How to Re-enter the Workforce After Being a Stay at Home Parent

Many parents choose to put their careers on hold once they have a child, either because it proved more affordable than childcare, or simply because that’s what works best for their family. After all, according to a survey undertaken by Flexjobs, 34% of stay at home parents left a manager-level or higher job to stay at home with their child. 

In either case, as your child grows older, returning to your career starts to become more feasible. Of course, that doesn’t mean that it’s an easy decision to make. Industries move on with time and depending on how long you’ve been out of the workforce, you might struggle to find a foothold in your old career. If so, don’t worry. There are things that you can do to get back into the swing of things at a pace suitable for your family.
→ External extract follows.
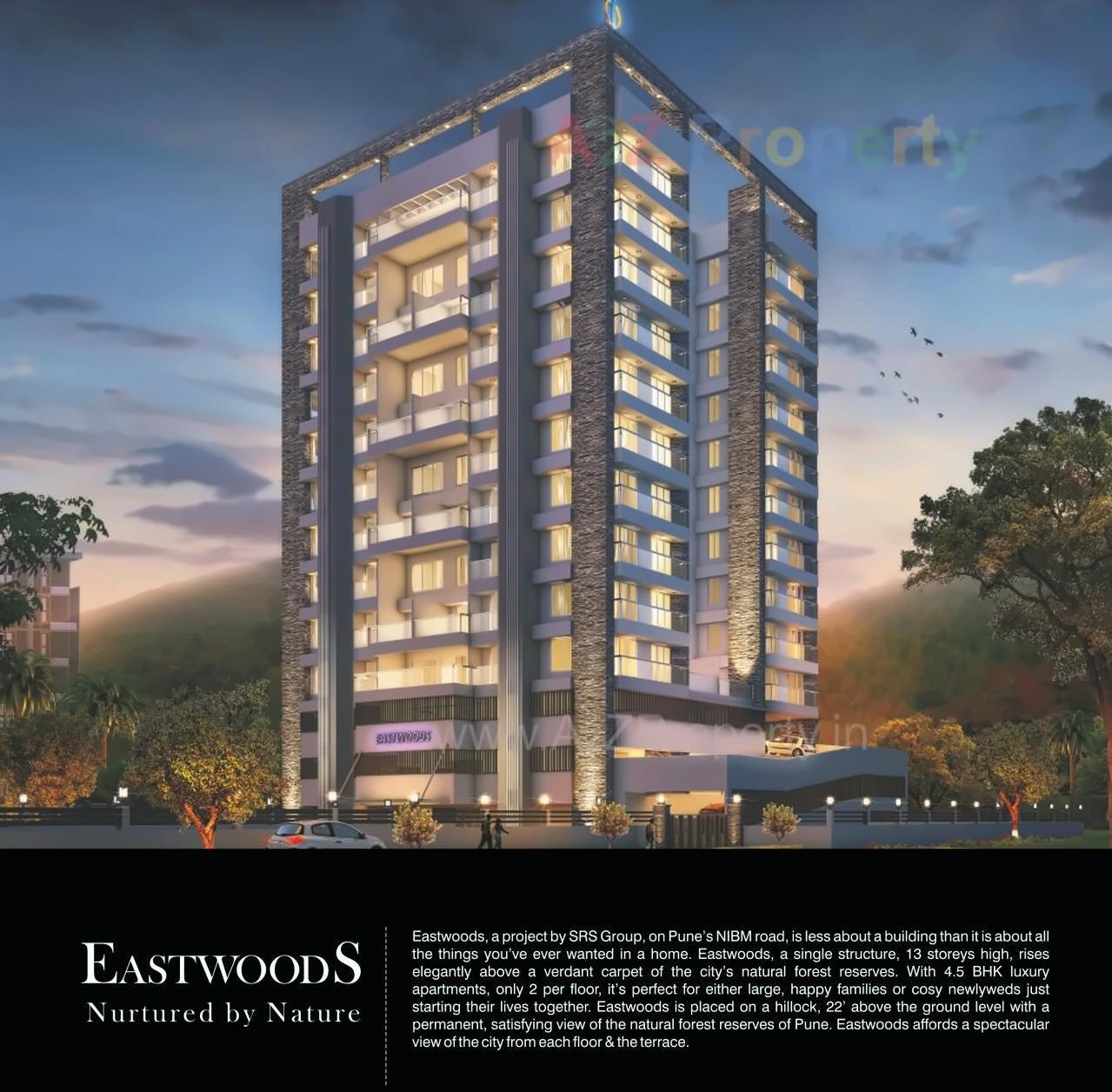 3D Elevation of real estate project Eastwoods located at Kondhwa-khurd, Pune, Maharashtra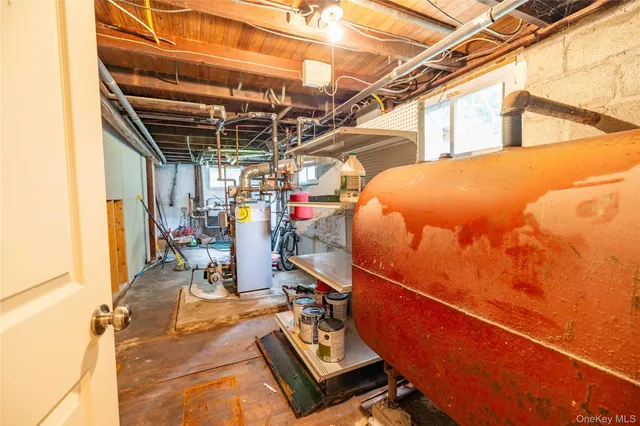 a hallway with wooden floor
First of all, don’t feel like you have to return to the same career path as you’d left. Many formally stay at home parents choose to enter another field entirely. This can be because reentering your field years later and potentially being forced into an entry level position can be disheartening. But often, people find that their aspirations have changed during those years outside the workforce. 

If you left work because it wasn’t flexible enough for your new circumstances, for example, you may find yourself looking for work that you can do from home, or that you can do part-time. Some parents find that freelance work is ideal for them, as it allows them the freedom they need and can be as low or high pressure as they like. 

However, some parents were highly trained and well established professionals who are looking to restart work in that same field. Remember that, while you might not have worked for a while, your skills and qualifications haven’t vanished completely. Not only that, but your old connections are still there, just waiting for a phone call. 

All the hard work that you did years ago doesn’t have to go to waste, neither do the years spent learning new skills while caring for your family. After all, you’ve had to take care of someone completely dependent on you, while solving problems, multi-tasking, and managing your time strictly. Don’t sell yourself short. 

As well as networking with people face-to-face, the internet is a fantastic place to find work in every industry. For example, rheumatology job search boards can find you work in that specific field, so you can make sure that your years of training and experience don’t go to waste. 

However, be realistic with your expectations. Some employers might not be so understanding, so face their concerns and issues head on. Work out your needs and your employer’s expectations early on, as tying yourself into a contract that isn’t right for you can be a major problem. Also, it may take some time to get work, but remember to keep your options open and your head held high.